# new winter house



## ThreeCatzGirl (Jan 16, 2009)

Look what santa got for the outside kitties today. Smokey and his friends will be happy. :grin:


----------



## ThreeCatzGirl (Jan 16, 2009)

I posted on craigslist that i was looking for a igloo for the cats..so someone emailed me sayin they have one for $25.00 . So i asked for pictures. They sent the pics and i said *sold* So today my mom went to pick it up for me. 

When she came home...she said it was really big. It was big.  It looked small in the picture. It will have to do .. as you can see in the second picture...i put alot of straw inside it. Hopefully the cats will enjoy there new house. 
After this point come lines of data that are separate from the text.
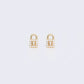 14K Cubic Zirconia Micro Pave Gold Padlock Charms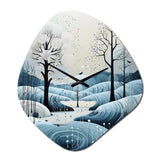 Blue White Modern Scandinavian Serenade I - Asymmetric Metal Wall Clock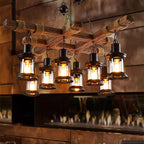 Epoch Industriel LED Classique Lustre Bois Métal Verre Salon/Bar - Neutralighting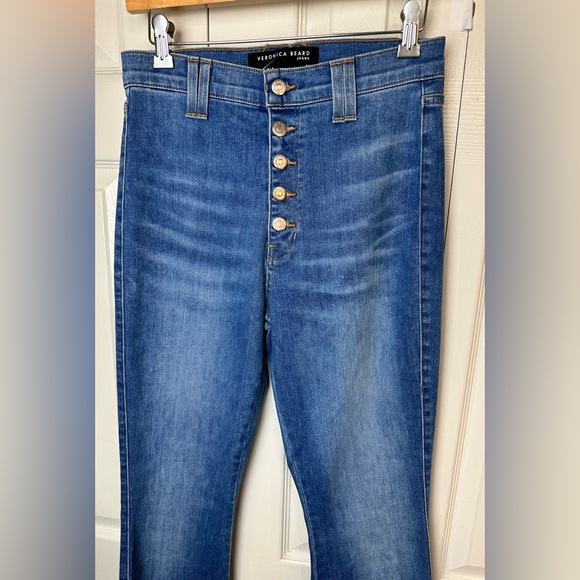 VERONICA BEARD Long Sheridan Flare Denim Jeans Tall Button Front Bell Bottoms - Picture 3 of 12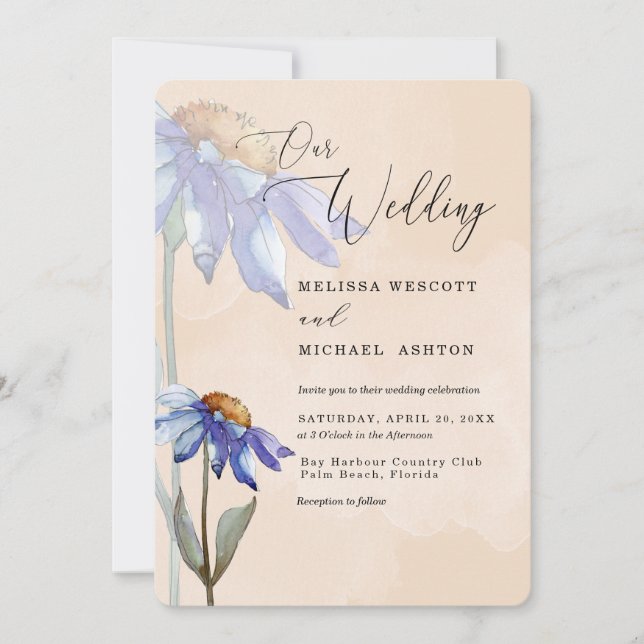 Invitation Aquarelle violet bleu marguerite bracelet Mariage  (Devant)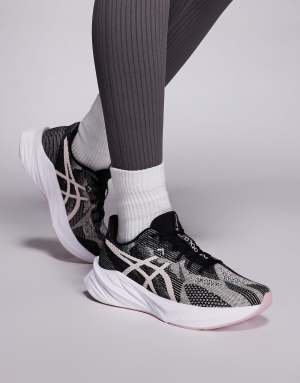 Asics Dynablast 5 running trainers in black and white
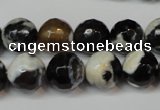 CAG5823 15 inches 12mm faceted round fire crackle agate beads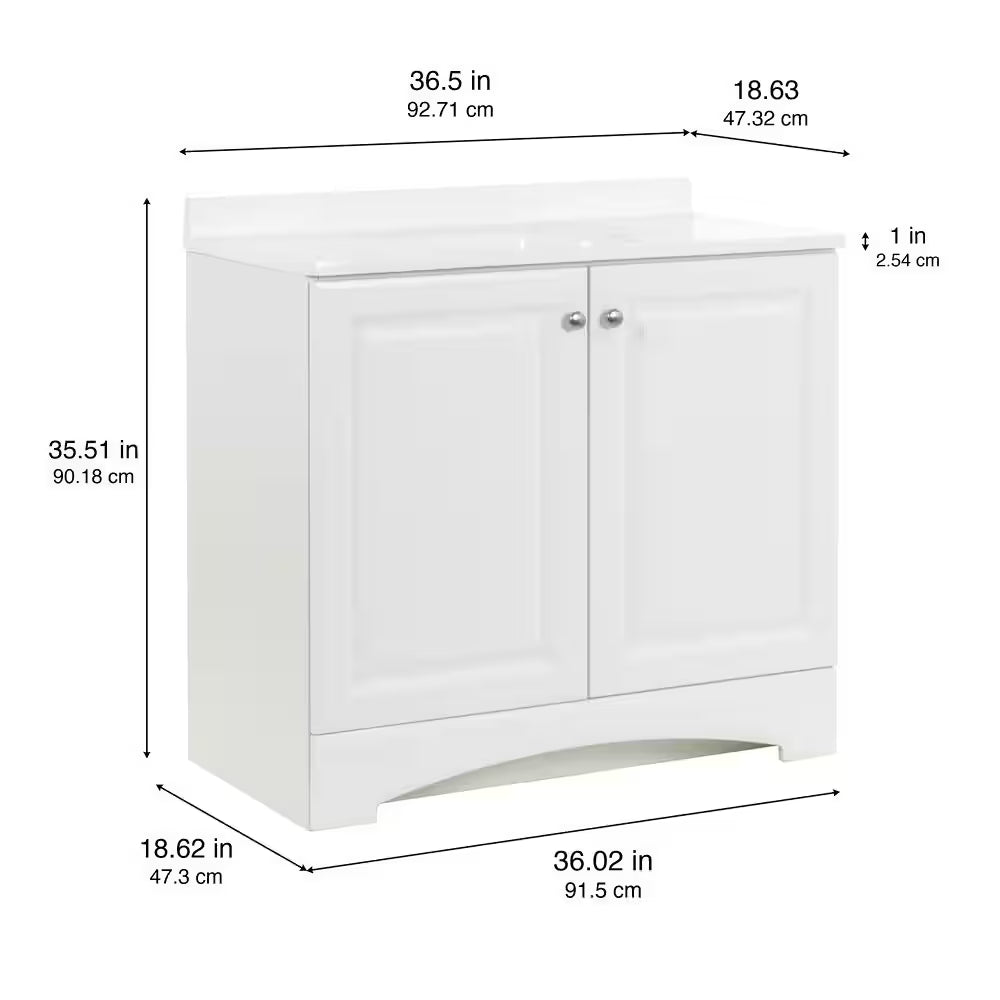 37 In. Single Sink White Bath Vanity with Cultured Marble Top (Assembled)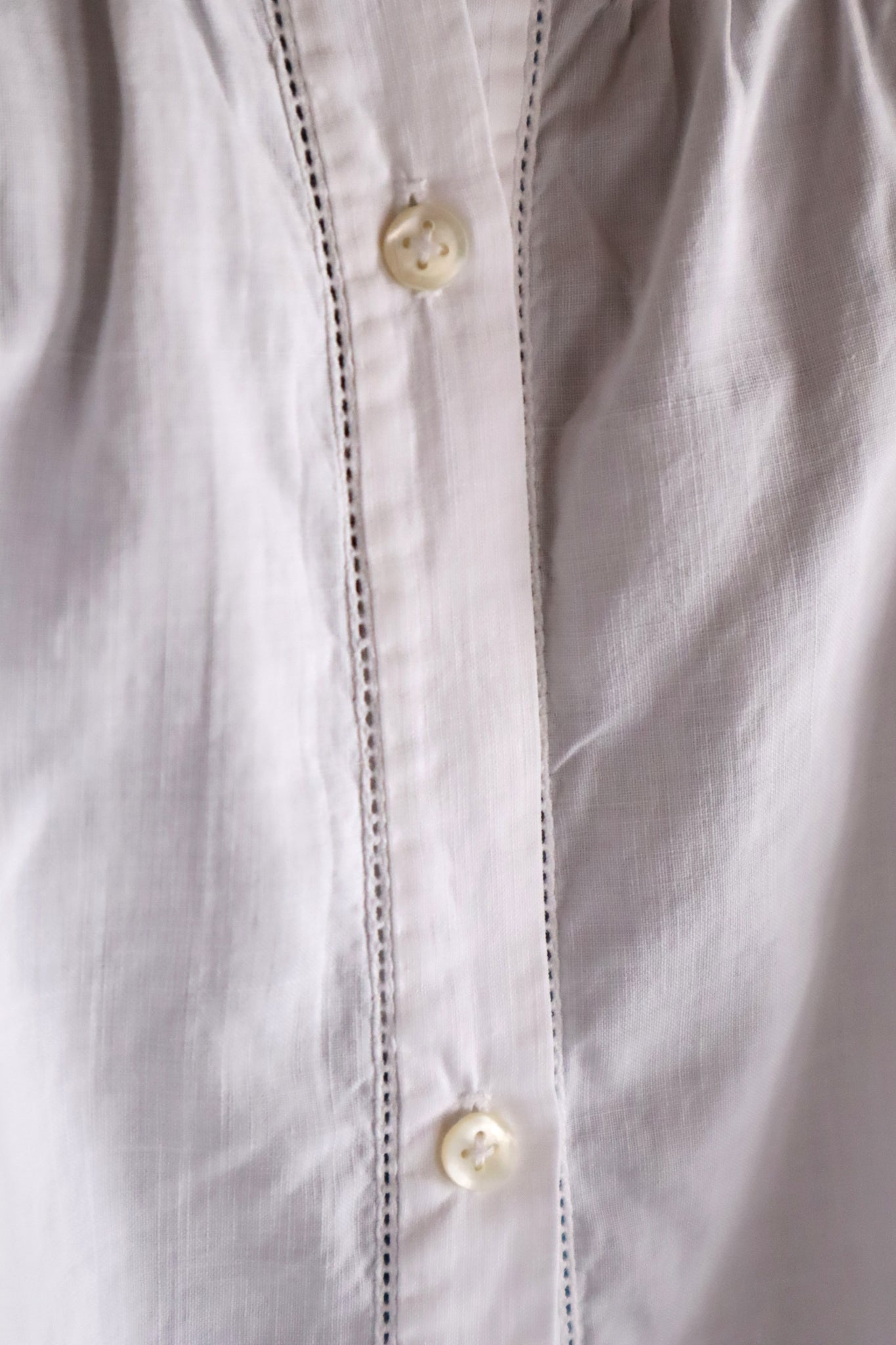 1900s French Hand-Sewn White Cotton Dress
In the spring/summer time...what should i do? should the straw come out? just leave it empty? with the smaller house..i put down towels for them to sleep on. but i dont have enough towels to cover up the bottom of the igloo. 

maybe i can put a dog bed inside it or something in the summer time.


----------



## lyle (Oct 28, 2010)

You might consider not using towels at all. I have several "outdoor" houses and one in the garage for several years and just use straw. The cats will "nest" in the straw just fine. I change the straw every several months. Nice job on the house by the way, looks good.


----------



## 3gatos (Nov 28, 2012)

Wow, that's a serious score! $25?! Looks great, the kitties will love it


----------



## ThreeCatzGirl (Jan 16, 2009)

Smokey and baby blue have been using the house already. i put there food bowls inside and they go and eat. 

smokey isnt to sure about it just yet...but he will get used to it soon.

for the summer time...im thinking of taking out the straw and putting down an outdoor dog bed so its comfy for them. wont the straw be hot for them in the summer?

thanks


----------